### Activity:
The answer must consist only of the lines in the records below from the line with "Scheme 720: PISTON RING END GAP" to the line with "Tissu satin uni gris clair", both included, copied word for word with every picture left out.

### Given data:
────────────────────
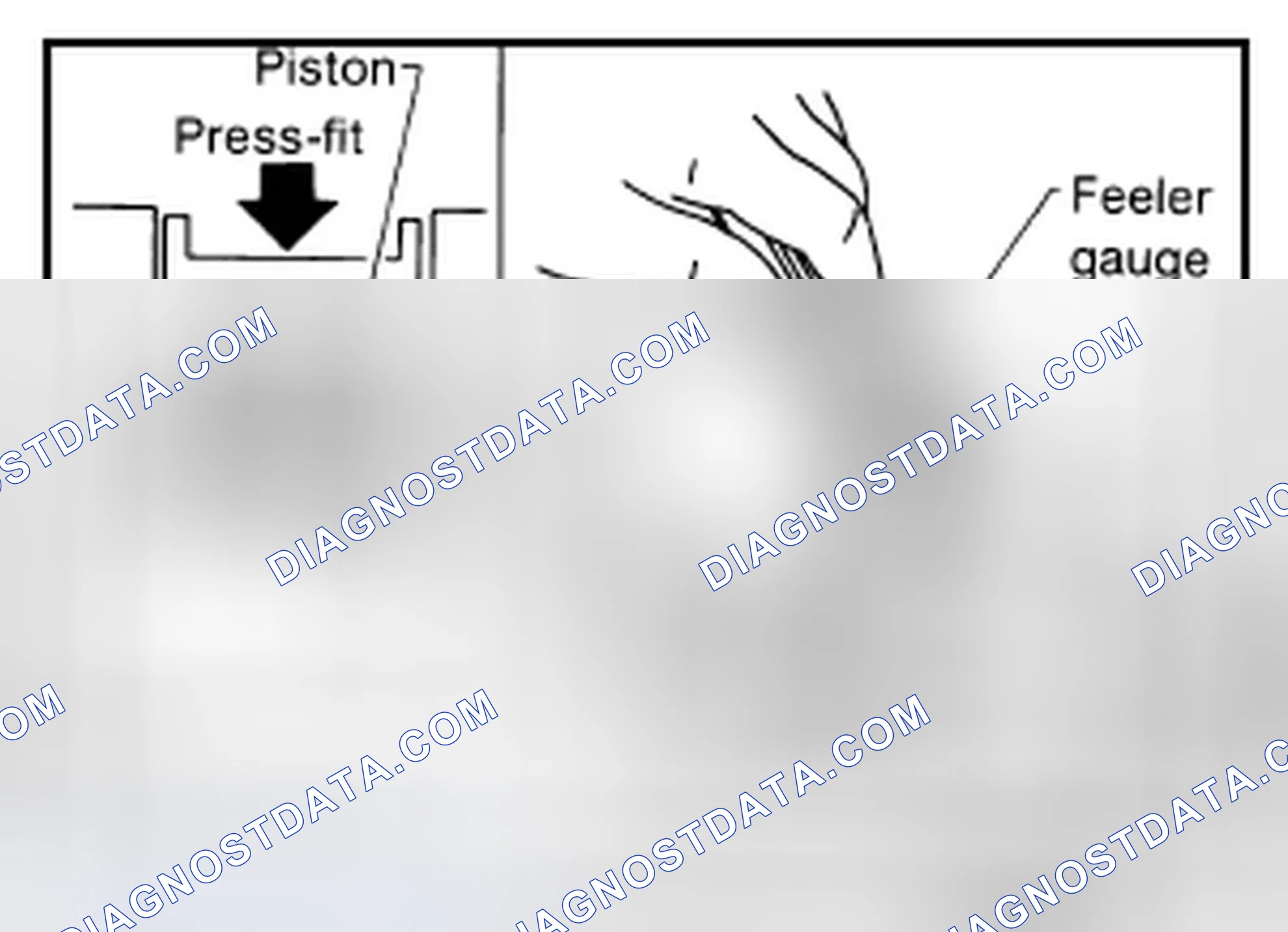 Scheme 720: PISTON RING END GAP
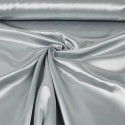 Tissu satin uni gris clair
────────────────────
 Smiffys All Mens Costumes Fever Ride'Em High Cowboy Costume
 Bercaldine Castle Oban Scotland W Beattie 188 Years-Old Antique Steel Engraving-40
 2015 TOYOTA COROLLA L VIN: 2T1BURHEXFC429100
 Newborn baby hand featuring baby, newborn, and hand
────────────────────
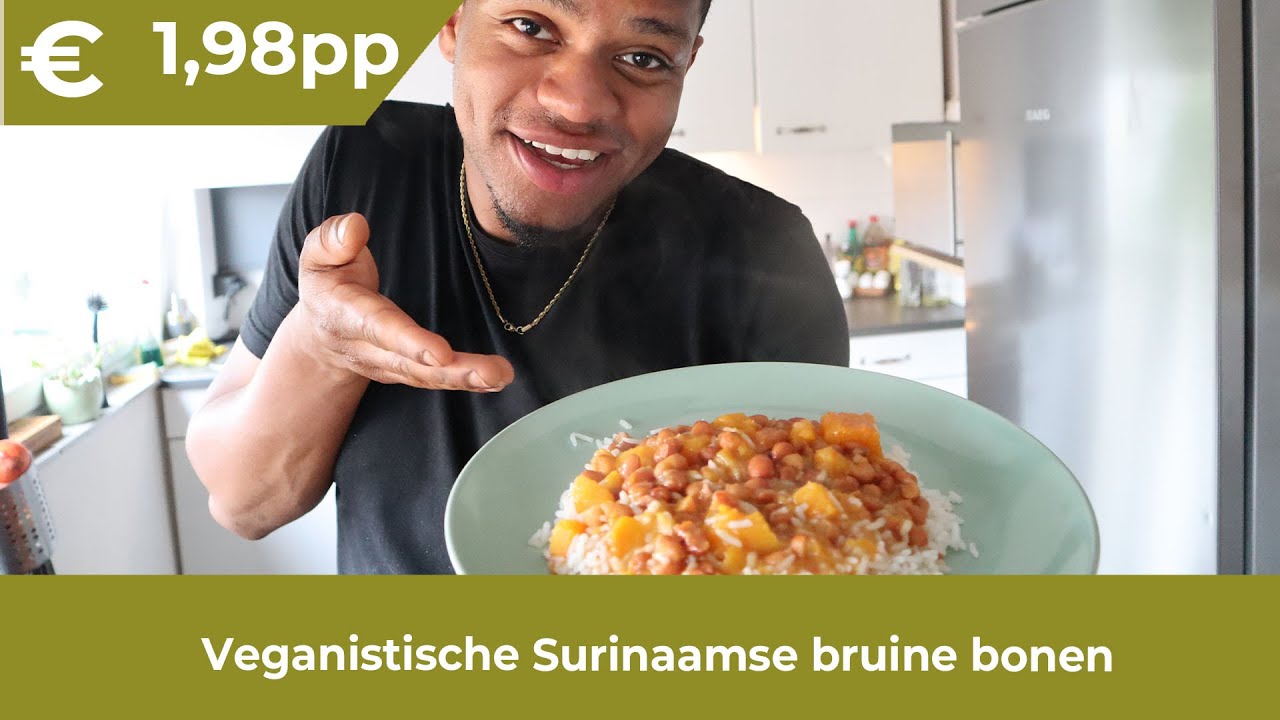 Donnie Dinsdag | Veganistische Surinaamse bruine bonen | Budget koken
────────────────────
### Solution to the exercise:
 Scheme 720: PISTON RING END GAP
 Tissu satin uni gris clair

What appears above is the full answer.